Also a baseline explanation would not work seem to work, because in case of a the pull-up example how does it know what the high/low value is when you have pushed in the button before connecting the power supply. Even a threshold explanation doesn't seem to explain it entirely, the voltage on the circuit as a whole seems to me to be above 2.5 V in both pushed and non-pushed state, when a 5V Vcc and 10kOhm resistor is used or is there an error in my thinking about this?

Explanations of electrodes that only travel through the pathway of least resistance also does seem to be right. Even if this was true this doesn’t explain the behaviour in the pull-down circuit, because there would never be any input when you would connect a 10 kOhm resistor to the ground (before the push button). Since this is lower than the impedance of the input pin (100k-1MΩ). Components divide the current according to their reciprocal resistances (I1 / I2 = R2 / R1).

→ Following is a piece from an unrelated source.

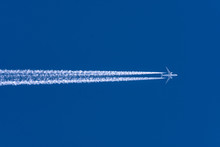 Airplanes Leaving Contrail Trace From Left To Right On A Clear Blue Sky.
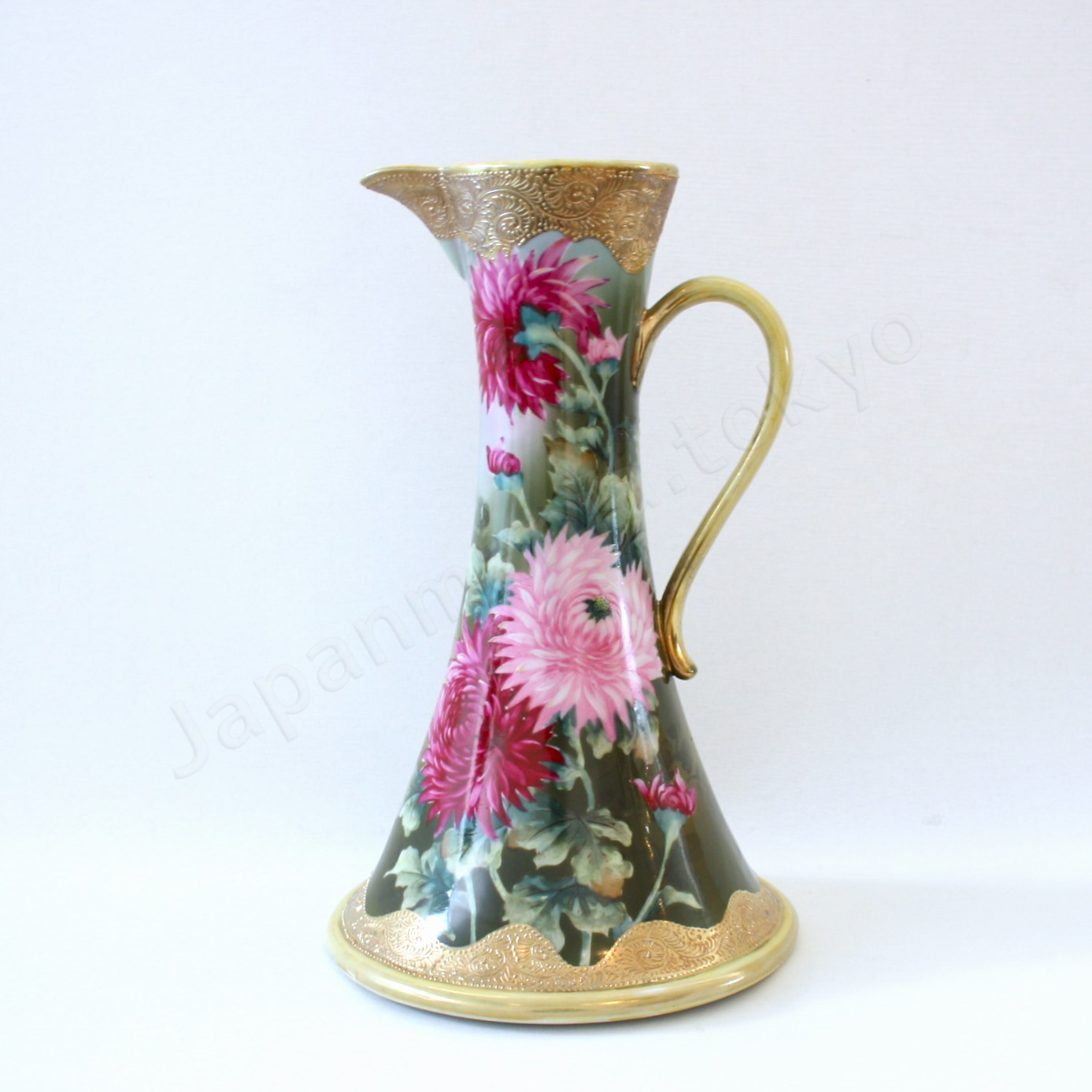 Front view: Japanese old fine china. Old Noritake. Water Picher with handles
Chrysanthemum design
polychrome and gold.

You can even see it when you connect a LED to the ground site of the circuit, which is on when you push the button and the input reads HIGH. Does in the pull-up case I1 / I2 = R2 / R1 explain the behavior, because there is no resistor in parallel to the resistor of the GPIO and because the connection where no resistor is present the resistance is neglectable (at least over a short distance), all current flow goes to the ground directly?

It seem to me it got something to do with the fact that the connection that has no resistor between the input pin (and the ground or power supply pin) determines the state when both have a closed circuit with it. But what is the mechanism. Does the GPIO unit (in input state) contain a sort of capacitor that “transmits” the charge to the power supply when it is directly connected to it (larger pull with larger voltage), and contains the charge longer (or replaced charge quicker) when it is directly connected to ground, and so influences the internal circuit? Or does it have something to do with the potential difference between the sides of a resistor, and if so how does the input pin read this?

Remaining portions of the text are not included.